## RECORDS TO PROCESS
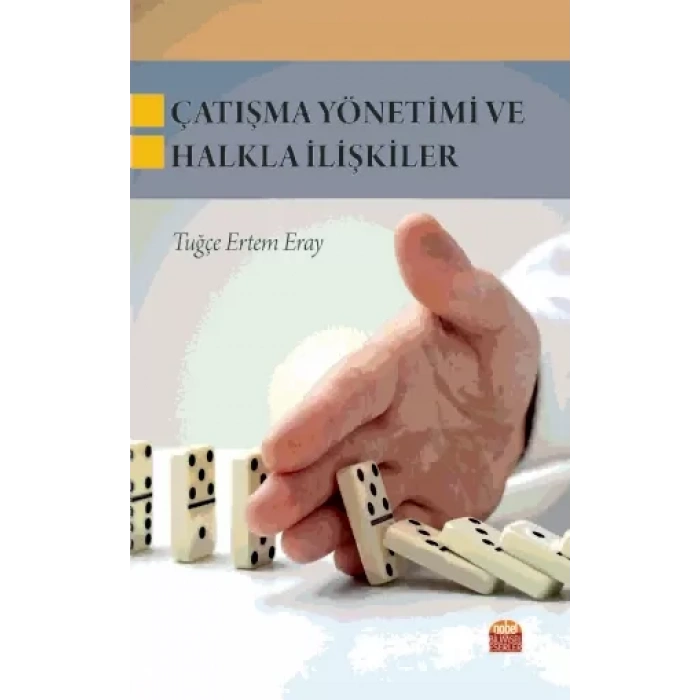 Çatışma Yönetimi ve Halkla İlişkiler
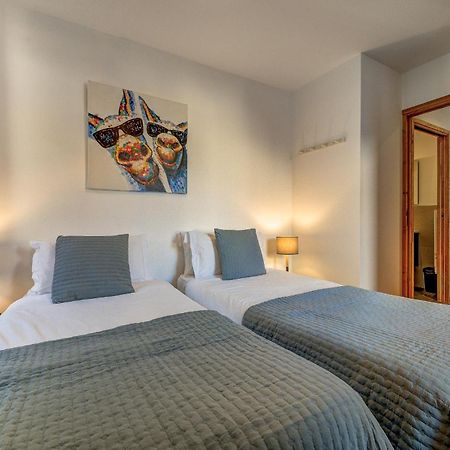 Residence Les Chamois Шамони Екстериор снимка
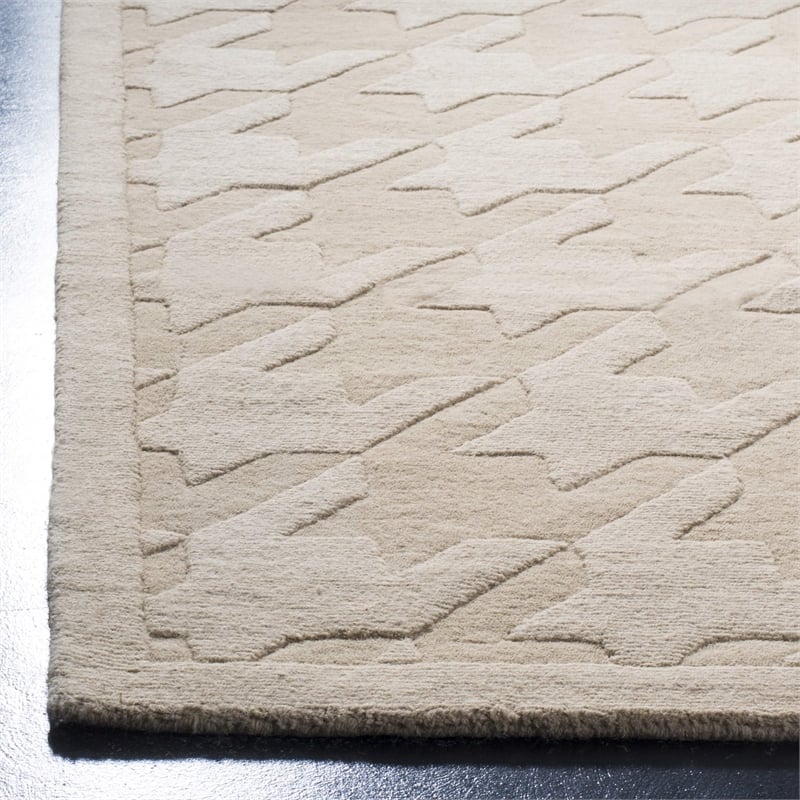 Safavieh Impressions Begonia Contemporary Rug - Square 6'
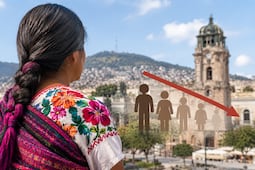 Pachuca registra la mayor caída de hablantes de lenguas indígenas en Hidalgo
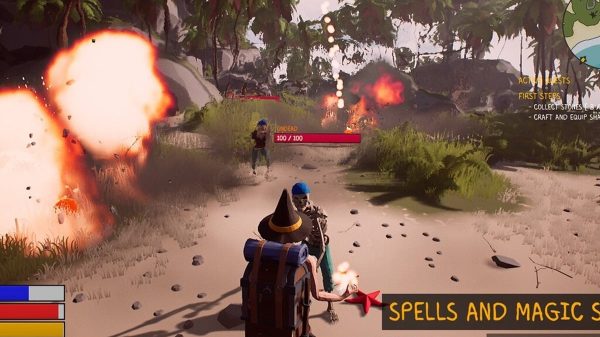 Steam xóa khẩn cấp một trò chơi đánh cắp thông tin người dùng ngay trên nền tảng này game lua dao steam 2 elbjjpg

## AIM OF THE TASK
Please produce an exact copy of all the material, leaving out the pictures.

## RESPONSE TO THIS EXERCISE
 Çatışma Yönetimi ve Halkla İlişkiler
 Residence Les Chamois Шамони Екстериор снимка
 Safavieh Impressions Begonia Contemporary Rug - Square 6'
 Pachuca registra la mayor caída de hablantes de lenguas indígenas en Hidalgo
 Steam xóa khẩn cấp một trò chơi đánh cắp thông tin người dùng ngay trên nền tảng này game lua dao steam 2 elbjjpg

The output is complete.